:: Provided entries ::
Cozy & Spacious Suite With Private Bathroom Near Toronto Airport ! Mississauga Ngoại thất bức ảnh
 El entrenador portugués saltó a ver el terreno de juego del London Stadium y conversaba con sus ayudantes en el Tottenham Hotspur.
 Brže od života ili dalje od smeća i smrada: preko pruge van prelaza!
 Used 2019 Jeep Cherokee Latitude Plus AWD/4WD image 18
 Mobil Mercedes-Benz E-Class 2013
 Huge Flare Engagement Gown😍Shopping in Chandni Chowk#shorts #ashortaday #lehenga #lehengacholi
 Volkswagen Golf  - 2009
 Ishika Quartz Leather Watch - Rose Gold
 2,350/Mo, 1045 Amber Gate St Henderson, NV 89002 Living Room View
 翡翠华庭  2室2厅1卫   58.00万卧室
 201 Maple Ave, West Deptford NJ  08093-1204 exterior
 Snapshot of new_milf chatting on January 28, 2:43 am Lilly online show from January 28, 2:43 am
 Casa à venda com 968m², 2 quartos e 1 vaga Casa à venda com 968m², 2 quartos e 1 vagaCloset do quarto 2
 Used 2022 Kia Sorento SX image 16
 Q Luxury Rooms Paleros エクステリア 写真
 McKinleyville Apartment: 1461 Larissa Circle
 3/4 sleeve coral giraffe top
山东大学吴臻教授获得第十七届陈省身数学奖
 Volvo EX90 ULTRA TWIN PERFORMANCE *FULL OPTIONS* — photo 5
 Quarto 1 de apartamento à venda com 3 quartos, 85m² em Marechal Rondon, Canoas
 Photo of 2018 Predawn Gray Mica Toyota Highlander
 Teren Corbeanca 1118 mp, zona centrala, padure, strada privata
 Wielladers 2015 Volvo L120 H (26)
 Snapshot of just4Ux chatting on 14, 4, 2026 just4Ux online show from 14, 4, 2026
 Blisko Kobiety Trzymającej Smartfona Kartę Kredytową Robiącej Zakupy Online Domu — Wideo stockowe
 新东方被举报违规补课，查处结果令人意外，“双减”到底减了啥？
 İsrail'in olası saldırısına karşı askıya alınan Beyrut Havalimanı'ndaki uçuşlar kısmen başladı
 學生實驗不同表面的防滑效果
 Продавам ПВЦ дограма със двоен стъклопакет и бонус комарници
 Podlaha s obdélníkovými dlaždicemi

:: Directions for this task ::
Show all lines from the data above in which the word "image" appears.

:: Task response ::
 Used 2019 Jeep Cherokee Latitude Plus AWD/4WD image 18
 Used 2022 Kia Sorento SX image 16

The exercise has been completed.